Task requirements
The records below are to be restated word for word; their pictures are not.

=== Begin Enclosure ===

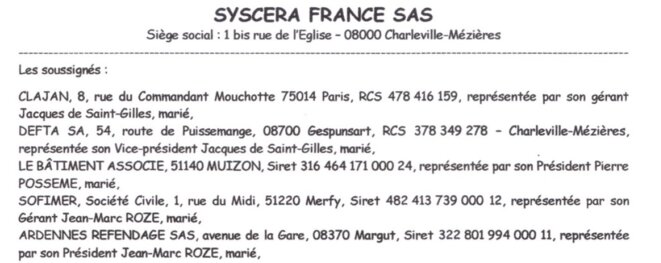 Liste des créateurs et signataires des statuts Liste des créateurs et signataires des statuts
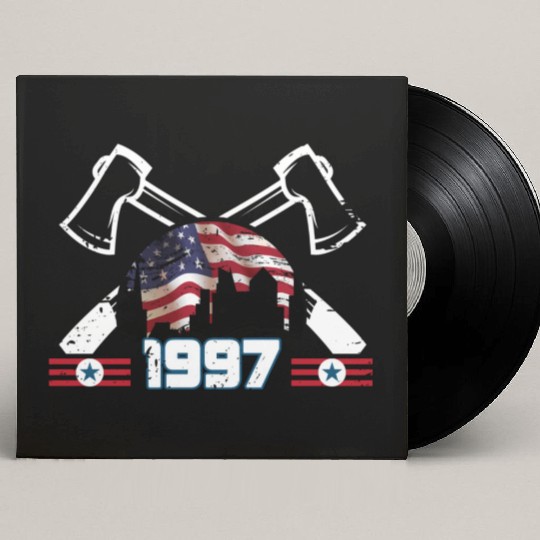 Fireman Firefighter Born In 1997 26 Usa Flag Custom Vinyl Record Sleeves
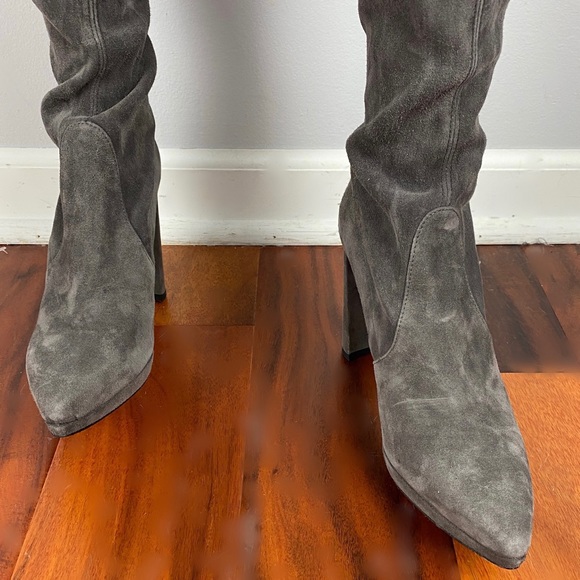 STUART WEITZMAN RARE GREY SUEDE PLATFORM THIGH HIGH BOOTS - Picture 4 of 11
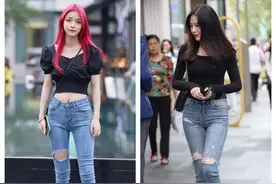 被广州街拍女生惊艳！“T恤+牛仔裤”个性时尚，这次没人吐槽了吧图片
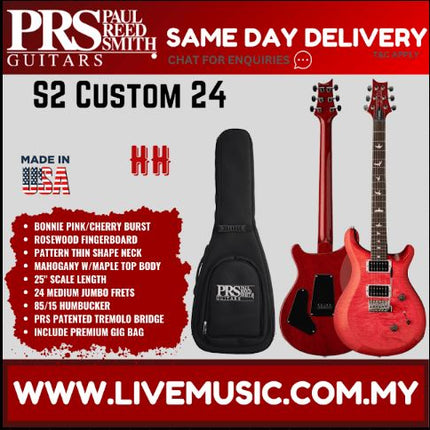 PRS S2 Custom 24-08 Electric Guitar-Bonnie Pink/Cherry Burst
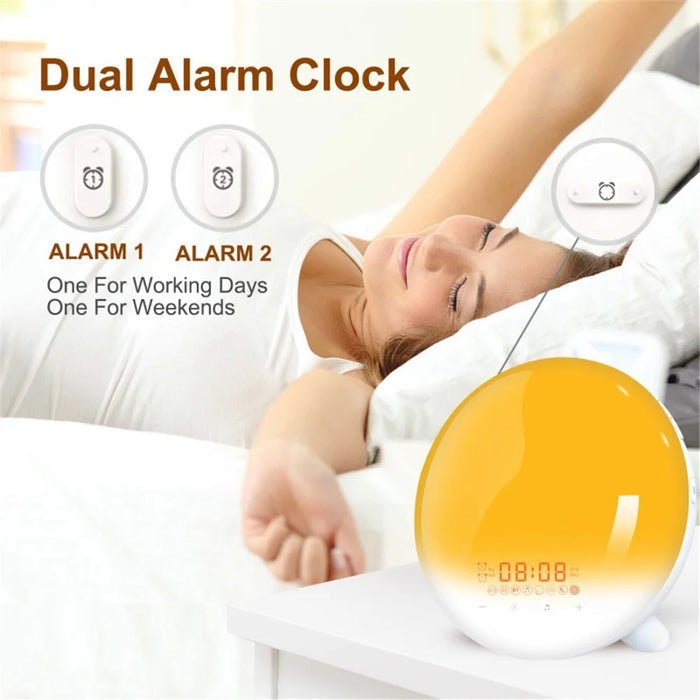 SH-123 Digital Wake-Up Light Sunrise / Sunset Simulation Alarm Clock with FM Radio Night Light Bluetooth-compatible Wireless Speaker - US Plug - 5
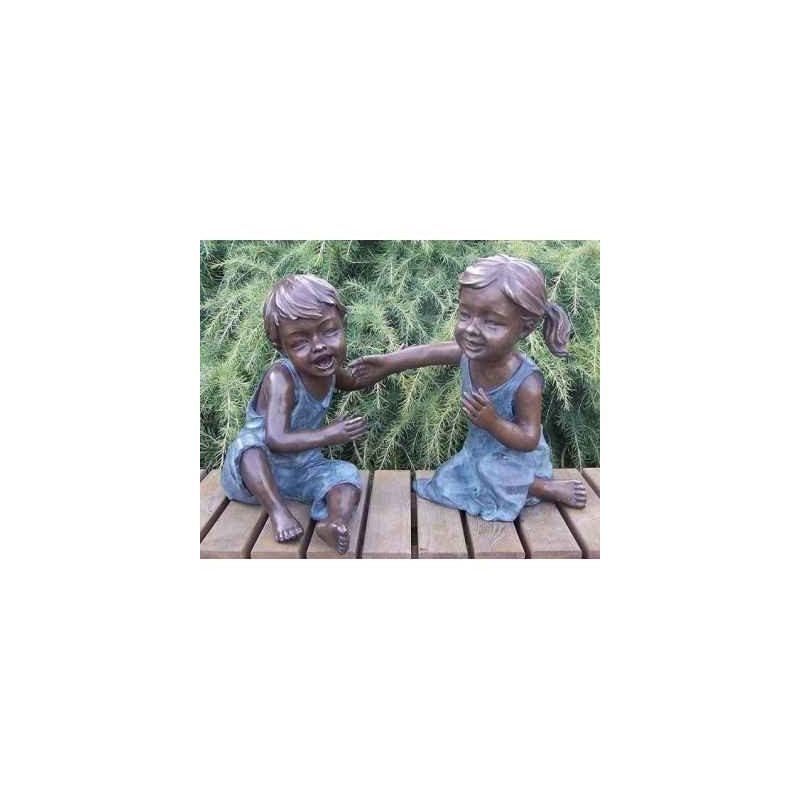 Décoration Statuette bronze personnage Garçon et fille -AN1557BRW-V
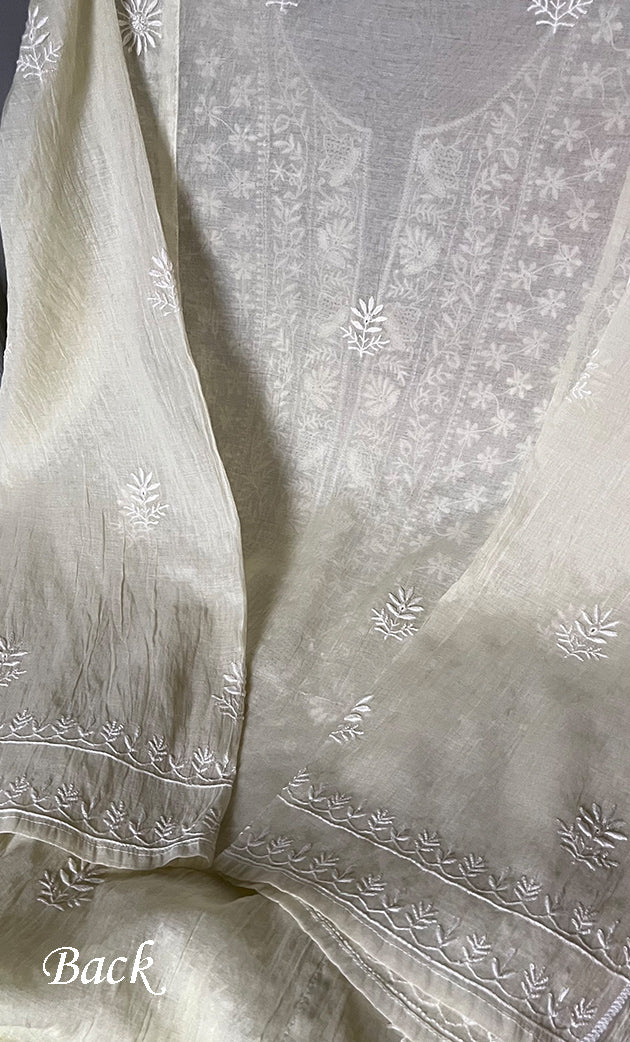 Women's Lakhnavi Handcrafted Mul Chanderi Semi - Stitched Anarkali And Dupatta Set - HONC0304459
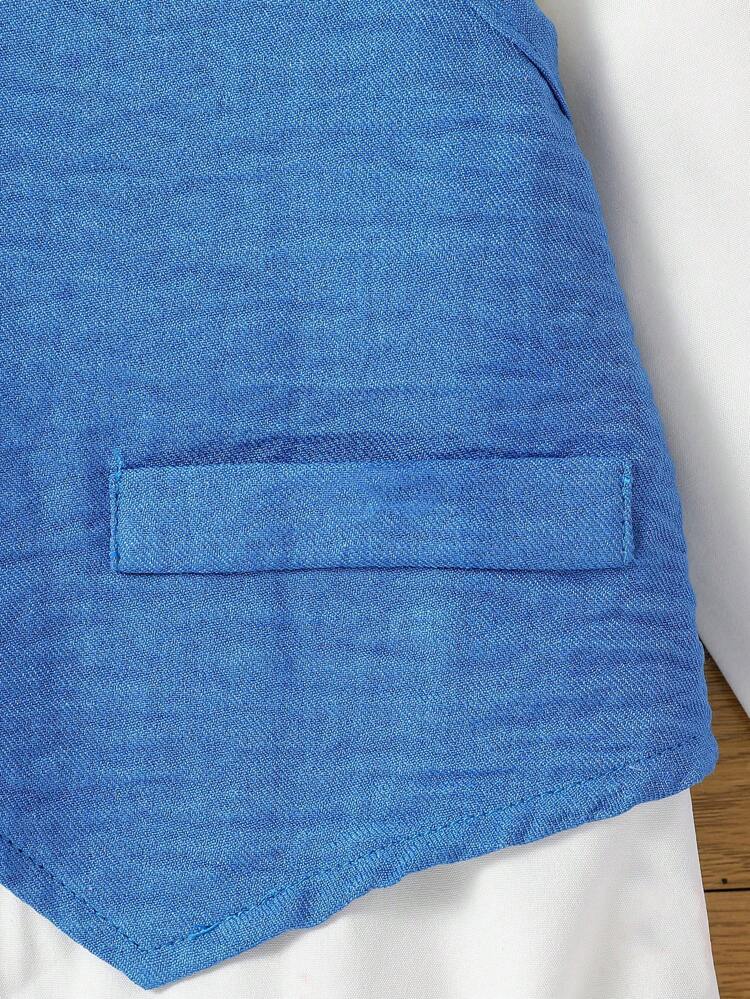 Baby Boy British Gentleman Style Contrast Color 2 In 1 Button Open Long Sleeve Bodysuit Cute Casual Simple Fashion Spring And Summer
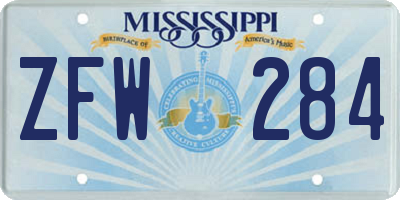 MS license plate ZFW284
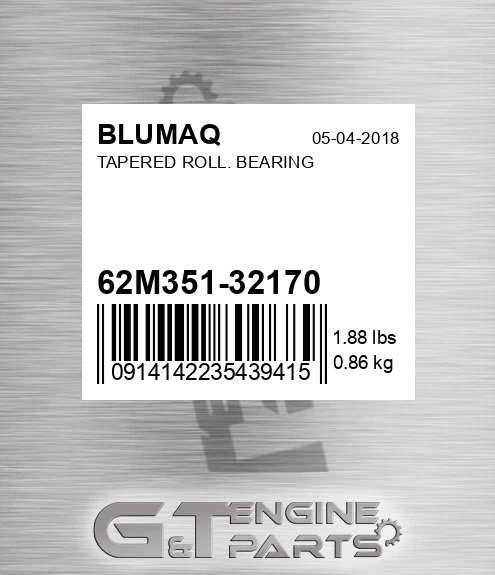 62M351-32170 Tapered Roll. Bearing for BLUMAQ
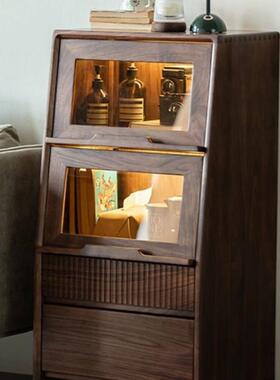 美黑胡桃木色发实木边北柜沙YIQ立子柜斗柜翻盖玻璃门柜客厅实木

=== End Enclosure ===

Solved problem
 Liste des créateurs et signataires des statuts Liste des créateurs et signataires des statuts
 Fireman Firefighter Born In 1997 26 Usa Flag Custom Vinyl Record Sleeves
 STUART WEITZMAN RARE GREY SUEDE PLATFORM THIGH HIGH BOOTS - Picture 4 of 11
 被广州街拍女生惊艳！“T恤+牛仔裤”个性时尚，这次没人吐槽了吧图片
 PRS S2 Custom 24-08 Electric Guitar-Bonnie Pink/Cherry Burst
 SH-123 Digital Wake-Up Light Sunrise / Sunset Simulation Alarm Clock with FM Radio Night Light Bluetooth-compatible Wireless Speaker - US Plug - 5
 Décoration Statuette bronze personnage Garçon et fille -AN1557BRW-V
 Women's Lakhnavi Handcrafted Mul Chanderi Semi - Stitched Anarkali And Dupatta Set - HONC0304459
 Baby Boy British Gentleman Style Contrast Color 2 In 1 Button Open Long Sleeve Bodysuit Cute Casual Simple Fashion Spring And Summer
 MS license plate ZFW284
 62M351-32170 Tapered Roll. Bearing for BLUMAQ
 美黑胡桃木色发实木边北柜沙YIQ立子柜斗柜翻盖玻璃门柜客厅实木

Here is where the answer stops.